# Talking to yourself.



## 86MonteSS (Feb 12, 2007)

I find that ever since ive had social anxety (All my life basicly) ive talked to myself. And i dont mean like read something outloud to myself. Like im telling someone a story or something i know. Like im actualty talking to someoen about a topic, but i know i wont respond. and i never do. so i guess thats a plus. I guess maybe i have so little of a social life that i find conversation by myself?


----------



## Zephyr (Nov 8, 2003)

I'm always talking to myself. Like you, it's not just thinking out loud but actually having conversations as if someone else is there. Of course I know it's only me there. It's like I split my personality into two and then just start debating away. One of my halves will come up with stuff my other half would never have thought of and vice versa....


----------



## katelyn (Jul 11, 2006)

Oh, I do this too! I thought I was weird for doing it...sort of like having an imaginary friend or something, but really it's all me answering myself.


----------



## Razorblade Kiss (Oct 29, 2006)

*Re: re: Talking to yourself.*



Zephyr said:


> I'm always talking to myself. Like you, it's not just thinking out loud but actually having conversations as if someone else is there. Of course I know it's only me there. It's like I split my personality into two and then just start debating away. One of my halves will come up with stuff my other half would never have thought of and vice versa....

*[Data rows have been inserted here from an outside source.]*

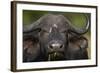 Cape Buffalo (African Buffalo) (Syncerus Caffer), Kruger National Park, South Africa, Africa-James-Framed Photographic Print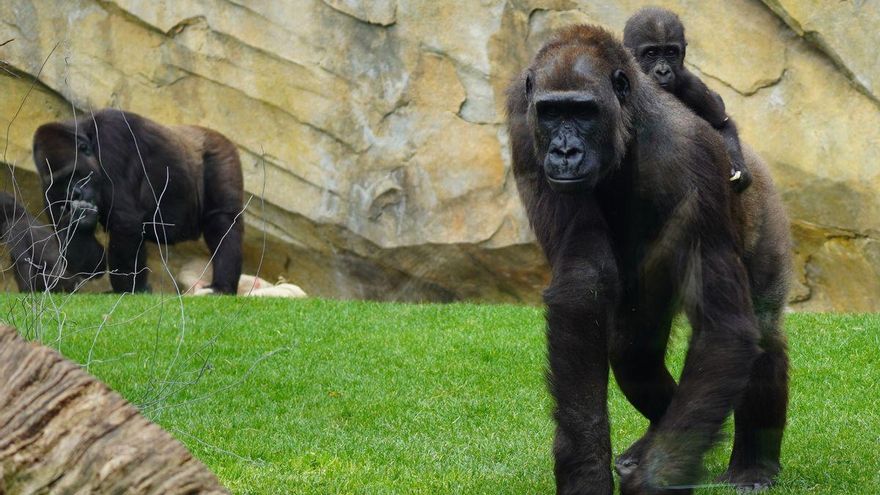 'Félix', el bebé gorila del Bioparc Valencia,
cumple un año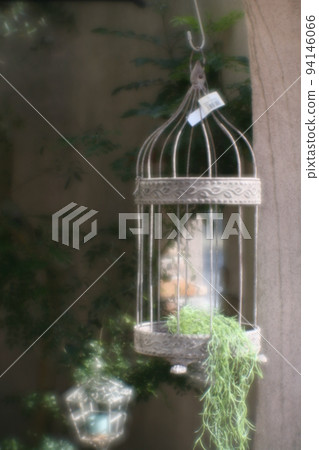 Birdcage interior Birdcage interior 94146066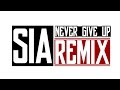 Sia - Never Give Up (REMIX) by Hype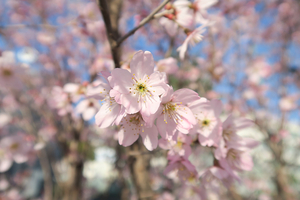 013_260317013 X900 ○午後 学校側 修善寺寒桜 G7X.jpg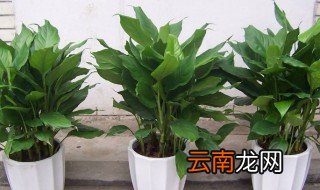 万年青根发烂什么原因 万年青根发烂啥原因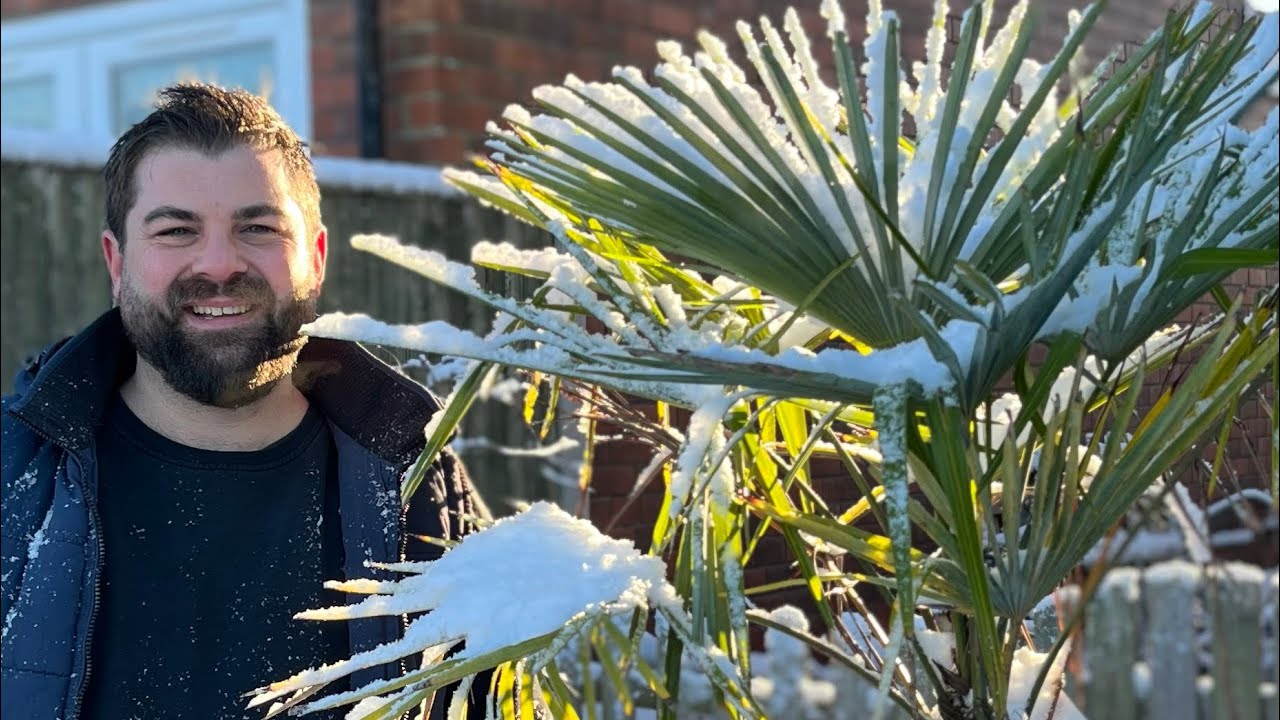 День 12. Опустошаем горшки! -8 градусов и очень снежный день. ☃️ ❄️ Садовые работы в январе #сове...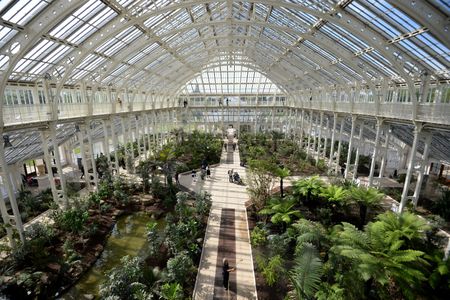 A view of the interior of the Temperate House during a press preview of its reopening at Kew Gardens.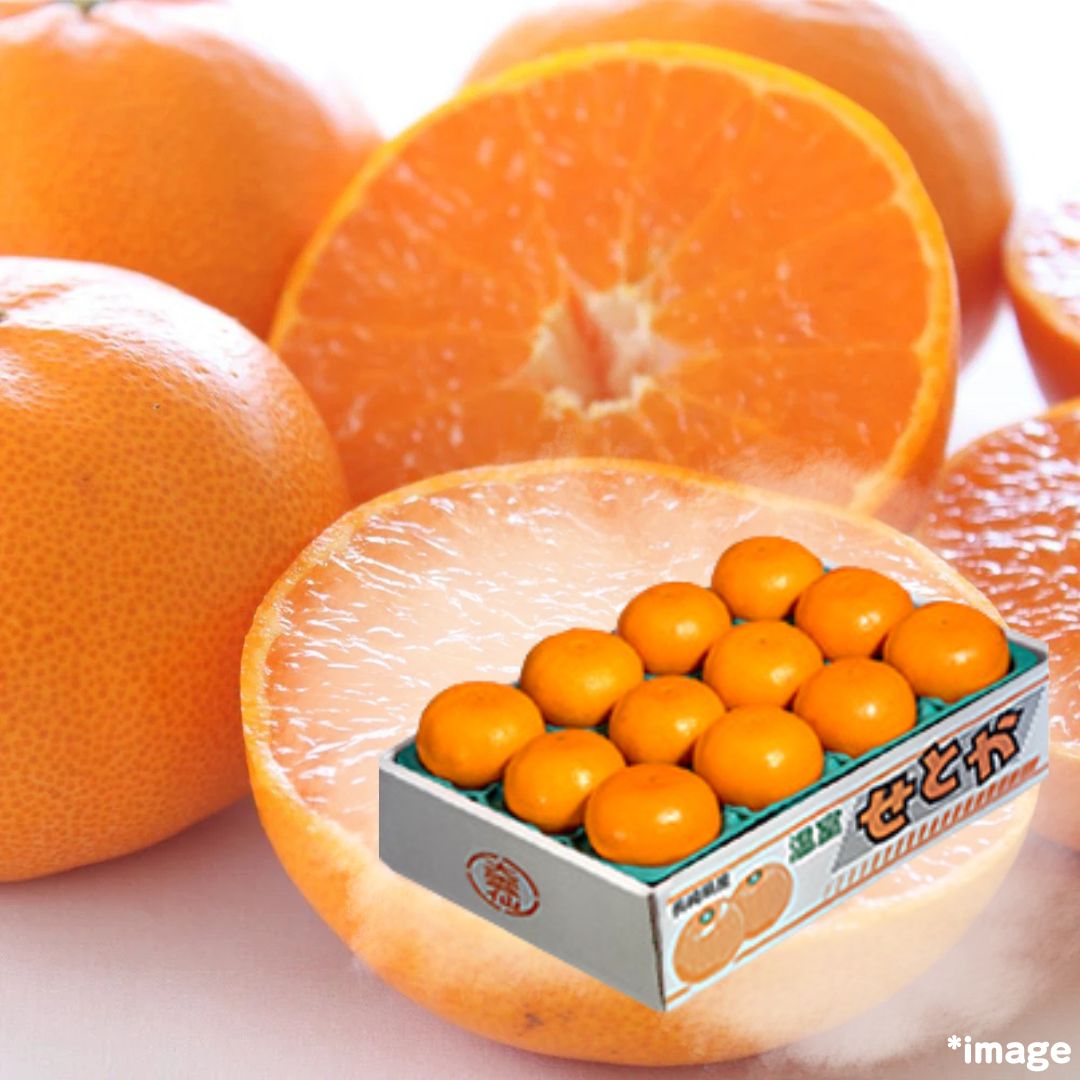 ”Setoka 3kg Box (Top Grade)” “Otoro(fatty tuna) of oranges, known for its rich sweetness from Ehime [Delivery between 7th~8th Feb] - Tokyo Fresh Direct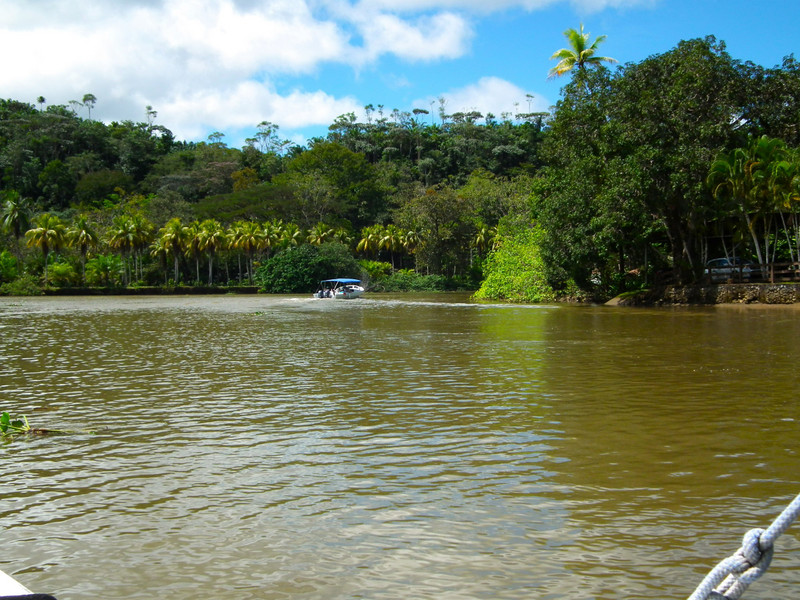 Boat ride in the mangroves.
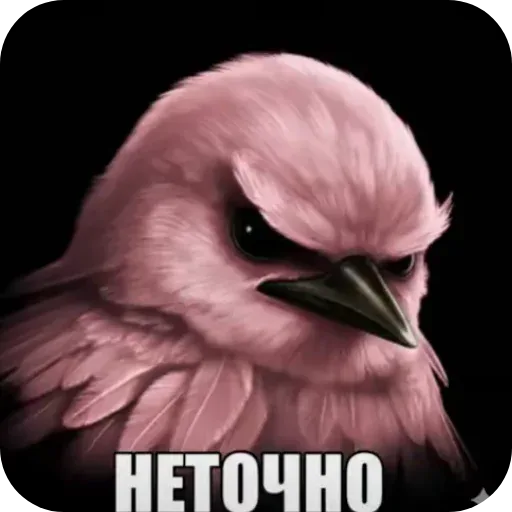 Стикер
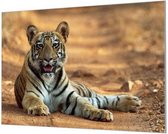 Wandpaneel Oogcontact met tijger  | 120 x 80  CM | Zwart frame | Wandgeschroefd (19 mm)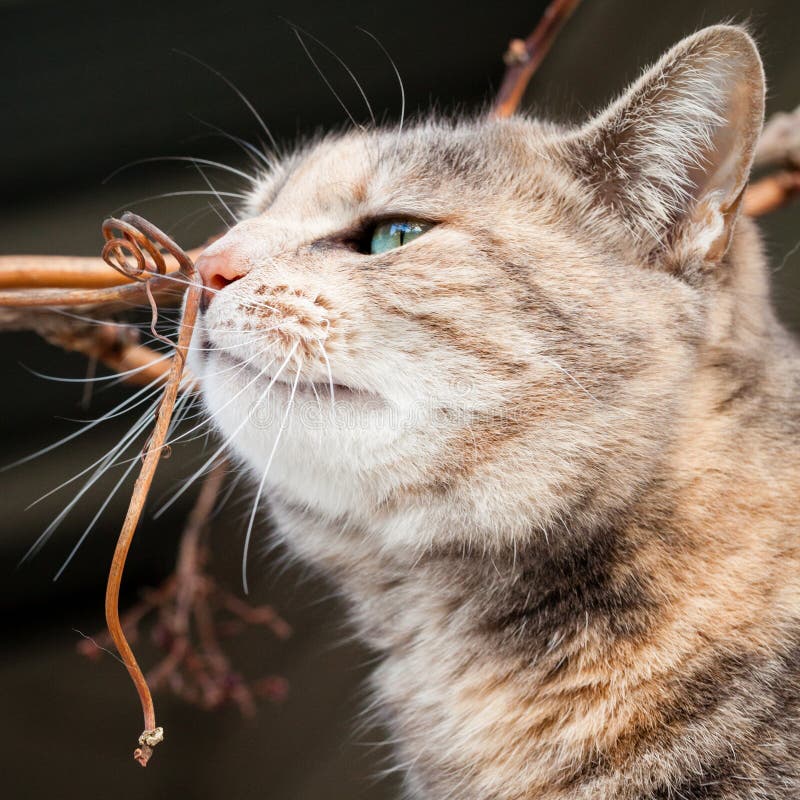 Tortoiseshell Tabby Cat Smelling a Grape Vine Branch Stock Photo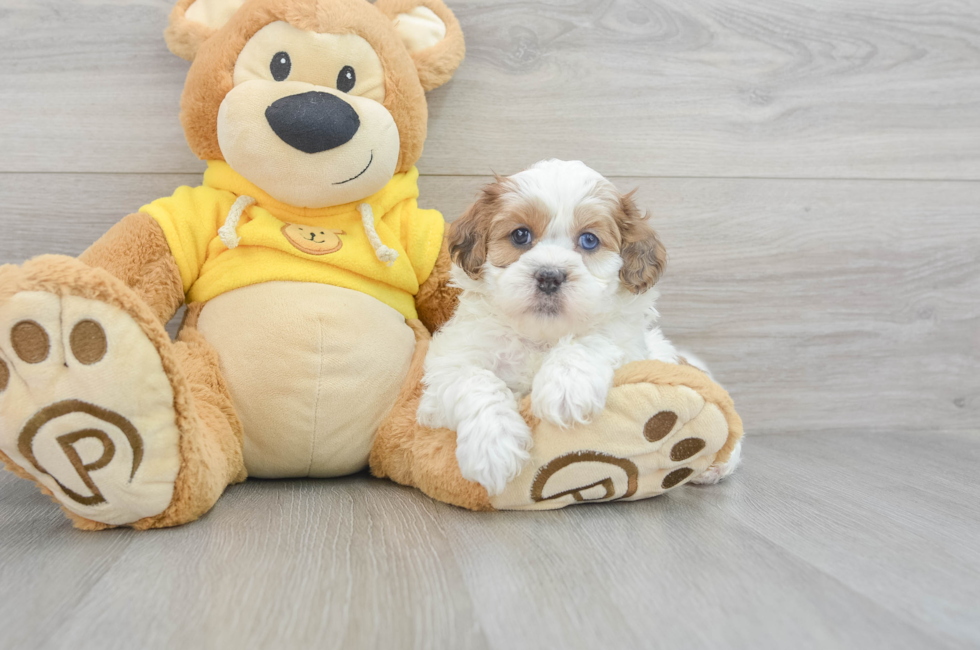 6 week old Shih Poo Puppy For Sale - Simply Southern Pups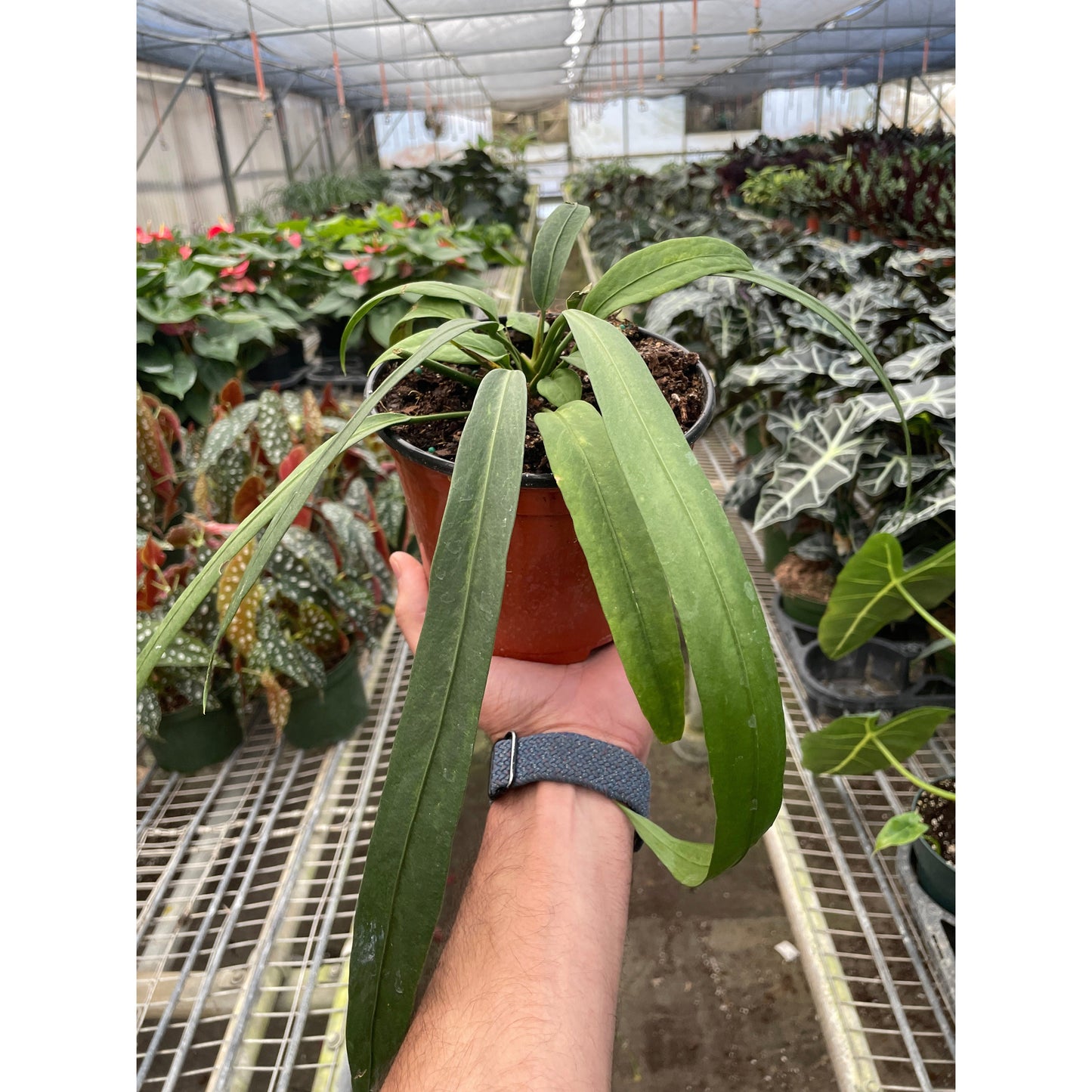 Anthurium 'Vittarifolium'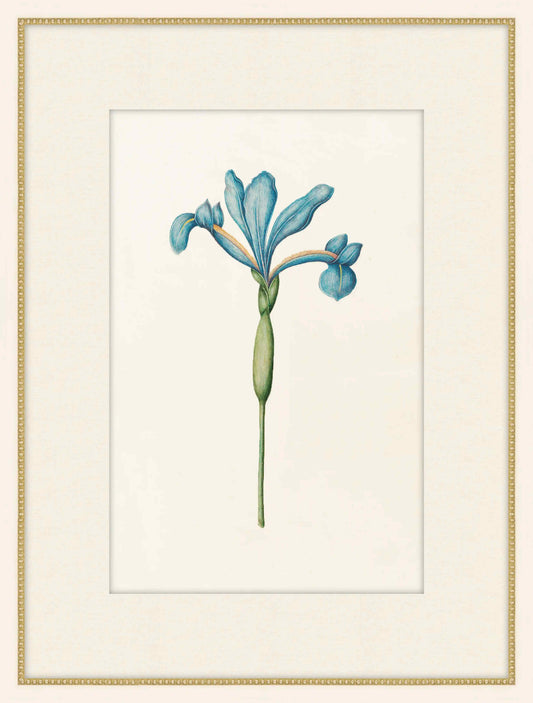 Iris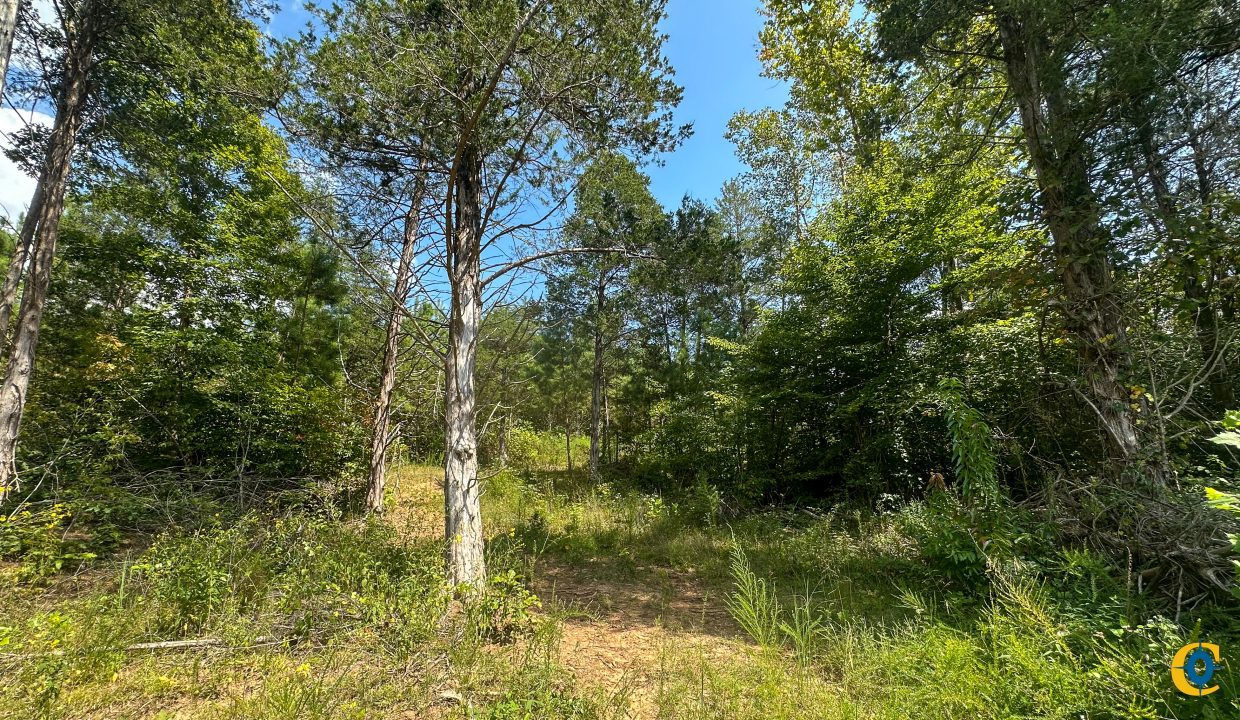 Jenneatte Retreat Compass South Land Sales Tennessee-19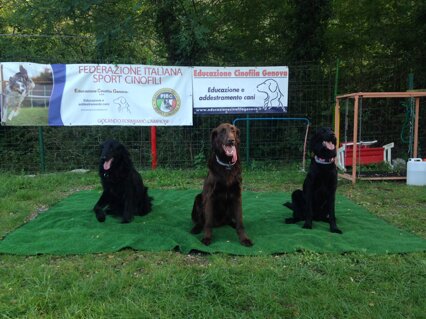 dcbe26b3-0835-49e8-b6d1-c88dda8bf8fe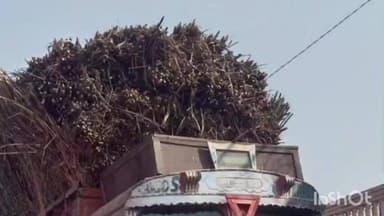 मोहम्मदी: उचौलिया थाना क्षेत्र में लगातार ओवरलोड वाहनों का संचालन जारी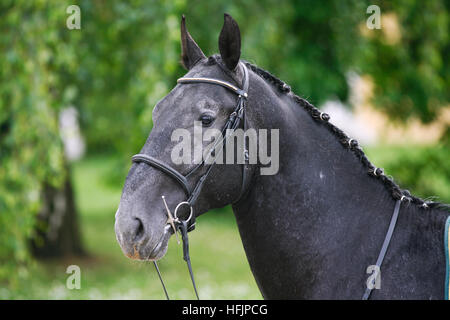 Lipizzaner stallion with braided mane on beautiful animal farm summertime Stock Photo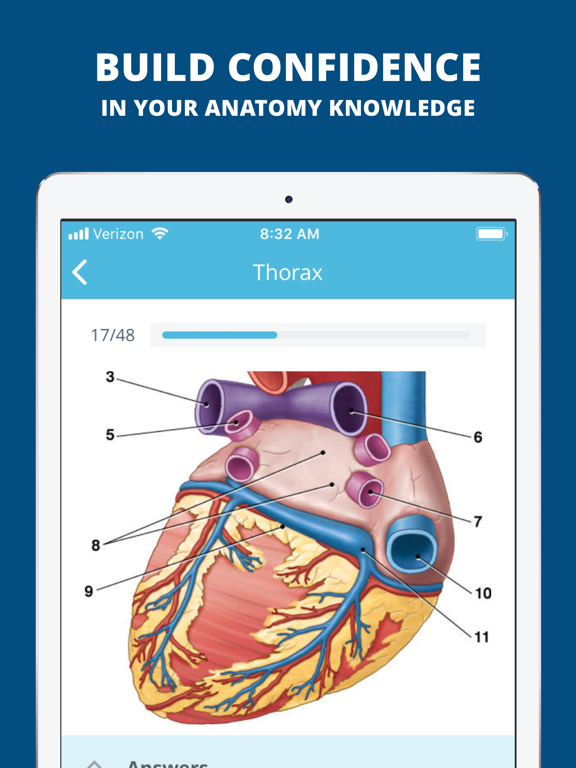 USMLE Clinical Anatomy Quizのおすすめ画像4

Haha same here. I've been doing it for as long as I can remember...having full conversations with myself and actually answering myself too. I'm used to it.


----------



## Scrub-Zero (Feb 9, 2004)

I talk to myself


----------



## odd_one_out (Aug 22, 2006)

I only talk to myself in brief sentences or profanities. I have detailed conversations in my head because I find talking to be exhausting at the best of times.


----------



## Redefine (Jan 11, 2005)

I do it too, most of the time without even realizing it. My mom says she hears me sometimes and it 'scares' her. Sometimes I'll catch myself insulting myself, which is pretty weird...


----------



## angelika (Nov 7, 2006)

I do this too. I notice that i do it a lot if I'm around people and I'm getting nervous and excited. I'm too scared to talk to them so I talk to myself without realizing it, then I get some funny looks and I realize I'm doing it.


----------



## silentstorm (Feb 12, 2007)

I'm the only person I have to talk to, so yeah. And I don't feel crazy doing it, I feel it's good to get my thoughts out, I like to exercise my voice sometimes so I don't lose it totally.


----------



## SebFontain (Jan 27, 2004)

I talk to myself all the time. I even talk to myself before bed. It is normal and I wouldnt consider it a disorder unless you start answering back lol. Nah totaly normal dont even worry about it, im a driver and see tons of people on a daily basis talking to themselves in there cars while driving.


----------



## vintagerocket (Oct 18, 2006)

Even I don't respond to my own inane comments, so it's not exactly talking _to_ myself. Mostly, I think out loud, maybe tell a few imaginary stories to a few imaginary people.


----------



## embers (Dec 19, 2006)

I also talk to myself, having spent a lot of time alone in my life (which I needed/wanted/chose to do), I find I offer a lot of good advice to myself out loud. I tend to do this even when i'm around people. The other day, I was talking to myself about something I could have done better so someone would have not gotten offended, well the gal standing next to me kind of gave me a look. She overhead me talking to myself. So I realized I was talking to myself, and actually told myself this out loud. Its something I can't stop. I even giggled after that, then she must have thought I was a real lunatic. Oh well. :stu


----------



## SusanStorm (Oct 27, 2006)

I do that too sometimes..And I even talk to myself out loud sometimes,but only when I'm alone..Don't want to come off as totally crazy.. :lol


----------



## bellekelly (Jan 16, 2007)

I talk to myself but only in my head.


----------



## Mr_nobody (Jan 30, 2007)

I've been doing this for as long as I can remember. It sort of fills in the social void in my life. 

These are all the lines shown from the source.